What this task involves |
Set out exactly every line of the entries below, starting at the line that holds "遊戯王オフィシャルカードゲーム デュエルモンスターズ 遊戯王カード" and stopping after the line that holds "The Design Consultation".

Record excerpts |
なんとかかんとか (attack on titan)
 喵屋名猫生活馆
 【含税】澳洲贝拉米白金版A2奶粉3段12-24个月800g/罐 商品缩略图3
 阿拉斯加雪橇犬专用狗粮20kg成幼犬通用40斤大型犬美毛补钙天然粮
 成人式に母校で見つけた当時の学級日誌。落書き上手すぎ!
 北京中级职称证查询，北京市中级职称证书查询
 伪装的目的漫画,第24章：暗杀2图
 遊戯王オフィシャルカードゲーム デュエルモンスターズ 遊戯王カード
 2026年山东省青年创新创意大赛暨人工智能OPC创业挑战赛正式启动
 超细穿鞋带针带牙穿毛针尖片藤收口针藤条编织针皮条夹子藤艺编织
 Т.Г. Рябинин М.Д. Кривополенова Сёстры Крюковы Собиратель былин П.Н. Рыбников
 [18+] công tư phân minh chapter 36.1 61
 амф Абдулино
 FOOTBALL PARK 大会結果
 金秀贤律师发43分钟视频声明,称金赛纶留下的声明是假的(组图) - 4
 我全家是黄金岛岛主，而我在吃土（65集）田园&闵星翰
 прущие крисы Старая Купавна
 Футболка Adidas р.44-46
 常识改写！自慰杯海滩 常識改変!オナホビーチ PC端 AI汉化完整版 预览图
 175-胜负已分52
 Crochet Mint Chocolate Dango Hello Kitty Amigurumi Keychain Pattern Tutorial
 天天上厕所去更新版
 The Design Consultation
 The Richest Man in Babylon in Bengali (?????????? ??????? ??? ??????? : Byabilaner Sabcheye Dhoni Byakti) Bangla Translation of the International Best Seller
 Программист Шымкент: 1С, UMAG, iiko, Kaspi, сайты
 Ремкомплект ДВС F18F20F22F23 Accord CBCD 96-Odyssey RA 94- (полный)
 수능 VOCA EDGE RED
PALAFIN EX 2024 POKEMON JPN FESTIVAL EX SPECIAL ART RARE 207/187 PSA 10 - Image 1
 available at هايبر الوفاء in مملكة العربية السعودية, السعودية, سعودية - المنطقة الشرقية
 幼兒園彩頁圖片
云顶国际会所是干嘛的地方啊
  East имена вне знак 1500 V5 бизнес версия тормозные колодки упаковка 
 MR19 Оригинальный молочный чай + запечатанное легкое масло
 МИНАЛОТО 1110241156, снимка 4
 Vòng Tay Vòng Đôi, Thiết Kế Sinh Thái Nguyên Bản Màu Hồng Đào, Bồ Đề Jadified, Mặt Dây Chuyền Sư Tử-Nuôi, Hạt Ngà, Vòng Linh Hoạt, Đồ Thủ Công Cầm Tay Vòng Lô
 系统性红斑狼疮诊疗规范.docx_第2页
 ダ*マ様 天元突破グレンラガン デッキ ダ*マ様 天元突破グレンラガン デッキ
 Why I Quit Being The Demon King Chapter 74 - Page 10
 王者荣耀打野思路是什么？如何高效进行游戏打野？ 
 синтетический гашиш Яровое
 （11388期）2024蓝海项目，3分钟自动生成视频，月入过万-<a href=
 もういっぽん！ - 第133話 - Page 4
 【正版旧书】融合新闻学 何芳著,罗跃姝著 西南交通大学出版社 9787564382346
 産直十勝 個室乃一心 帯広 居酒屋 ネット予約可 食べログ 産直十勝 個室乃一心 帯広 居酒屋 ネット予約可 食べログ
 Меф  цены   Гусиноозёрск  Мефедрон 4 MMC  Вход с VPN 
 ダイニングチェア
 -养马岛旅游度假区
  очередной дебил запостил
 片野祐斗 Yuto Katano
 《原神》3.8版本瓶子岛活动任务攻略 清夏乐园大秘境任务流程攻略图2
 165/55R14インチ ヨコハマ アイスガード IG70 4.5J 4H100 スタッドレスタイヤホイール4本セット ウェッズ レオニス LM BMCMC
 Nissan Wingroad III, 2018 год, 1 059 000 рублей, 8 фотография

Expected answer |
 遊戯王オフィシャルカードゲーム デュエルモンスターズ 遊戯王カード
 2026年山东省青年创新创意大赛暨人工智能OPC创业挑战赛正式启动
 超细穿鞋带针带牙穿毛针尖片藤收口针藤条编织针皮条夹子藤艺编织
 Т.Г. Рябинин М.Д. Кривополенова Сёстры Крюковы Собиратель былин П.Н. Рыбников
 [18+] công tư phân minh chapter 36.1 61
 амф Абдулино
 FOOTBALL PARK 大会結果
 金秀贤律师发43分钟视频声明,称金赛纶留下的声明是假的(组图) - 4
 我全家是黄金岛岛主，而我在吃土（65集）田园&闵星翰
 прущие крисы Старая Купавна
 Футболка Adidas р.44-46
 常识改写！自慰杯海滩 常識改変!オナホビーチ PC端 AI汉化完整版 预览图
 175-胜负已分52
 Crochet Mint Chocolate Dango Hello Kitty Amigurumi Keychain Pattern Tutorial
 天天上厕所去更新版
 The Design Consultation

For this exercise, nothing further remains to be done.